The “how” is always tricky because it can feel deeply personal. We all have our quirks. We all have our preferences; we all have ways that things work for us in certain ways. But we’re also all very creative people. And in games, most of us are good at troubleshooting.


Naming the “how” means trying to create a consensus on how all of the studio members are going to participate in this collaborative journaling practice. What kind of bite-size contribution can each member make? What kind of contribution would make them happy to make? What would bring joy? And how can we find a way to be dedicated to this? Once you know, share it with your team – it could be helpful!

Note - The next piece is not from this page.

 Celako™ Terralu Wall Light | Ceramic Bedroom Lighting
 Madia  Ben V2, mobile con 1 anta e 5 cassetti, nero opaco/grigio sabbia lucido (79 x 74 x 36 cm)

These generate daily rituals that are centred around the studio’s values. We bring the values back in because they are the absolute touchstone of why you are collectively doing what you’re doing.


There are many tools available. If you’re a developer, you may have the ability to create your own tools. However, tools are only useful if they support relationships and growth. If tools replace relationships, they can stymie growth.

Planning your documentation in advance can help ensure that it serves as a valuable source of information and stories that contribute to a longer, more complete, and concise narrative. Those bits and bytes of information become available to you to analyze. There’s always an app for that part, right?

This narrative forms the building blocks for your pitch to funders, audiences, collaborators, and communities. It also informs reporting, such as an annual report, financial report to an investor, or to your future self. Think of it as reporting forward. If you are planning ahead, you are reporting to your successor.

Who do we want to support and promote while we progress? This way, as we build our cooperative environment and share our stories, we also understand that if one person falls ill, someone else knows all about their contributions and can fill in. Similarly, if someone needs a break or decides to pursue a different path, someone else knows what to do, how to do it, and why it is done. This way, if someone needs to be replaced or compensated, it’s clear who can take over.


  • The medium is the message, the process is the product
  • Creates space and time for alignment of understanding
  • Produces micro-documentation as the building blocks for your stories
  • Builds consensus, understanding, agreement and investment in studio values
  • In-studio confidence is beautiful for your creativity, and it ripples out

The medium itself conveys a message. Journaling emphasizes that the process we engage in ultimately shapes our product. Rather than being driven solely by product outcomes, this approach encourages relationship-building, which becomes evident in the final product/game/community you are creating.

Collective journaling creates a space for micro storytelling in low-risk settings, allowing for gradual alignment and understanding. This method yields micro documentation, forming the foundation of our different storytelling directions. It not only creates a shared understanding and consensus but also deepens each member’s commitment to the studio, its relationships, and your collective values. The confidence gained within the studio improves creativity and makes a social impact on your community and beyond. This is just one approach to shaping your studio’s narrative.


Storytelling in game development goes far beyond the games we make. It’s about the shared experiences and values of our team, woven into our studio’s identity through daily practices like journaling and open communication. This approach isn’t just about documenting our journey; it’s about growing together and connecting with our audience in a meaningful way. By embracing this narrative, we’re not only crafting games but also forging genuine connections and making an impact that echoes beyond our studio walls.

Questions to Consider

  • How do we pitch projects that are not made to create revenue?
  • How do we ensure decolonial language engagement and relationships?
  • How do we be authentic to ourselves, to each other, to our studio values and still communicate professionally to funders?
  • How do we communicate our studio structure?

This content was developed by Gamma Space for a 2023 Baby Ghosts cohort presentation. We have summarized and adapted it here.